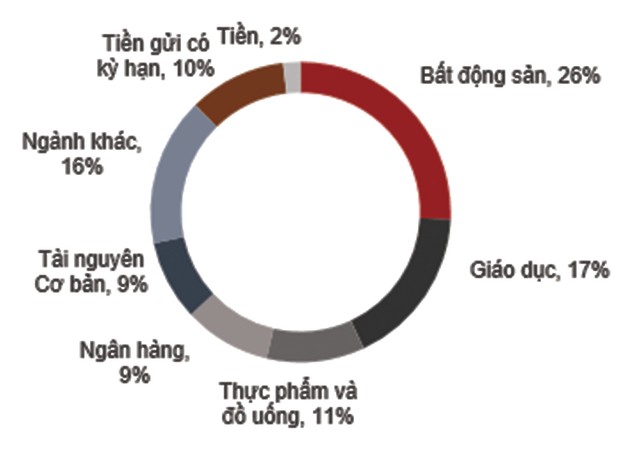 TCEF: NAV phục hồi theo đà tăng thị trường ảnh 1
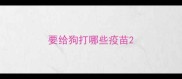 要给狗打哪些疫苗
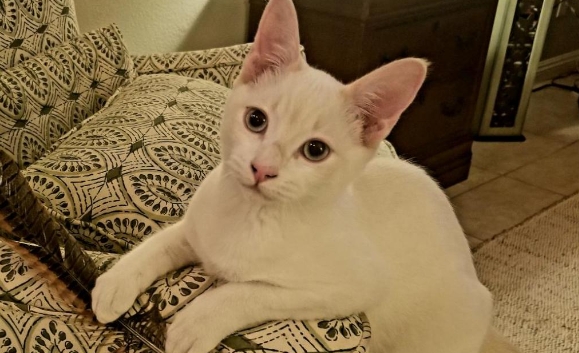 female flame point siamese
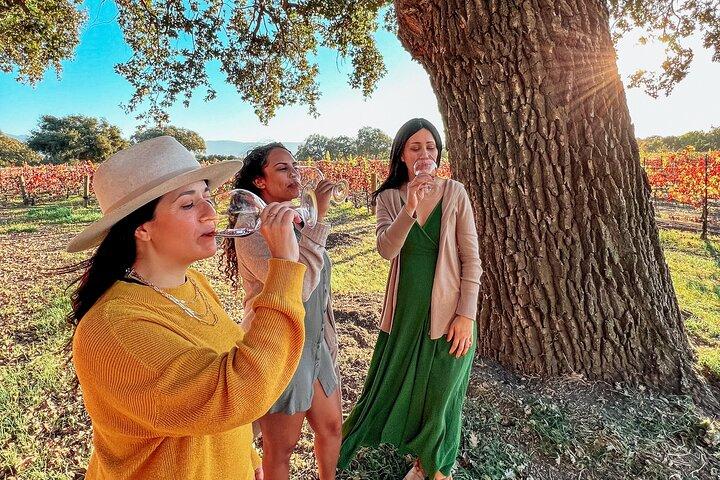 Visite des vins de Santa Ynez (tout compris)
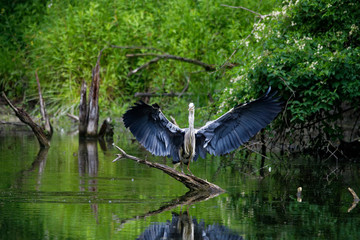 Blue heron in its natural environment, Danubian wetland, Slovakia, Europe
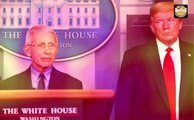 How much of a role did Fauci play in the eviction of Donald Trump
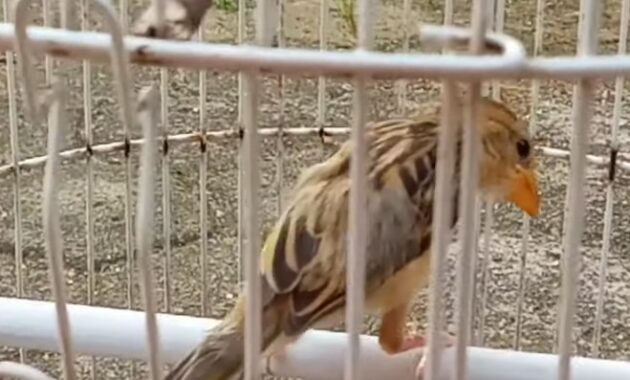 makanan-burung-manyar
▬▬▬
- _AIM OF THE TASK_: Output exactly the lines from the line with "Blue heron in" to the last line of the records, including both, and leave every picture out.

- _OUTPUT OF THE EXERCISE_:
 Blue heron in its natural environment, Danubian wetland, Slovakia, Europe
 How much of a role did Fauci play in the eviction of Donald Trump
 makanan-burung-manyar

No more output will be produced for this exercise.